Directed by: Matt Ruskin
Premise: Based on true events. Newspaper reporters Loretta McLaughlin and Jean Cole (Keira Knightley and Carrie Coon) investigate a pattern of murders and critique the response by the Boston police.
What Works: The Boston Strangler case is unusual among serial killer stories. The details of the murders and the list of suspects evades some of the usual facets of high-profile serial killer phenomena. The case is fascinating and the 2023 film escorts the audience through the particulars of the Boston Strangler murders from the point of view of two newspaper reporters whose coverage of the killings drove the investigation. The filmmakers navigate a lot of material and plenty of leads in a way that makes for an engrossing mystery. This particular case has a lot of unseemly details which are mostly handled tastefully without diluting the subject matter. Framing the story around the efforts of Loretta McLaughlin and Jean Cole makes sense gives this story’s approach. Boston Strangler is about the dangers women face but not just the threat of serial murder.
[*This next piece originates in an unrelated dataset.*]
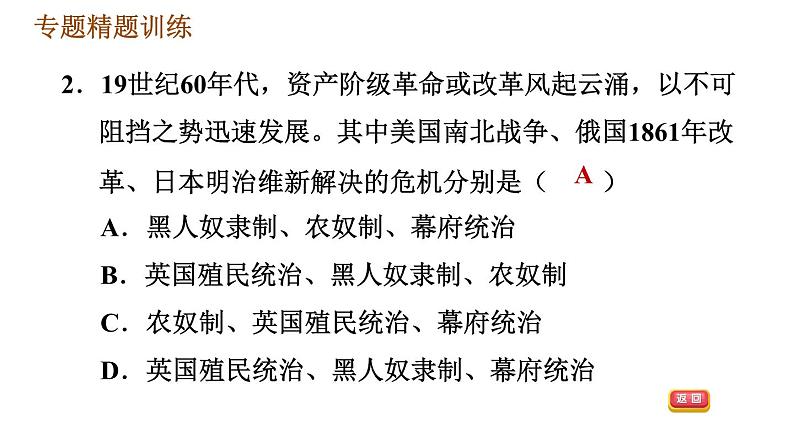 人教版（河北专版）九年级下册历史课件 专题训练 专题三　改革与体制创新07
The female reporters cope with sexism in the newsroom and harassment in the street and the Boston police fail to protect the women of the city. Boston Strangler has an atmosphere of violence and dread and it is a specifically and appropriately gendered fear. The filmmakers create a sense of imminent peril that colors the way women go through the world.
What Doesn’t: Boston Strangler consists of a lot of elements we’ve seen in other serial killer dramas. This film owes a lot to David Fincher’s serial killer projects especially Zodiac which is the gold standard of this kind of true crime serial killer procedural. Boston Strangler imitates the visual style of Zodiac but it is frequently inferior. The imagery is consistently dark and murky with the action hard to distinguish. McLaughlin visits the home of a suspect in a scene that is almost exactly the same as an equivalent sequence in Zodiac. Like a lot of police and journalism procedurals, Boston Strangler also features a domestic subplot in which the case consumes McLaughlin’s time and comes between the journalist and her husband. While this detail is true the filmmakers treat this subplot perfunctorily; it plays as a series of scenarios we’ve seen before. Jean Cole is mostly left on the periphery of the story. She doesn’t get much depth nor does she have a life outside of work. We’re told that these women developed a close friendship but there’s not much sense of that here which is a shame given the way their cooperative relationship parallels that of the suspects.
Disc extras: Available on Hulu.
Bottom Line: Boston Strangler dramatizes this infamous murder case in a way that hews fairly close to history while telling a compelling mystery. The filmmakers lean on cinematic and storytelling clichés and the film never escapes the impression that we’ve seen this before.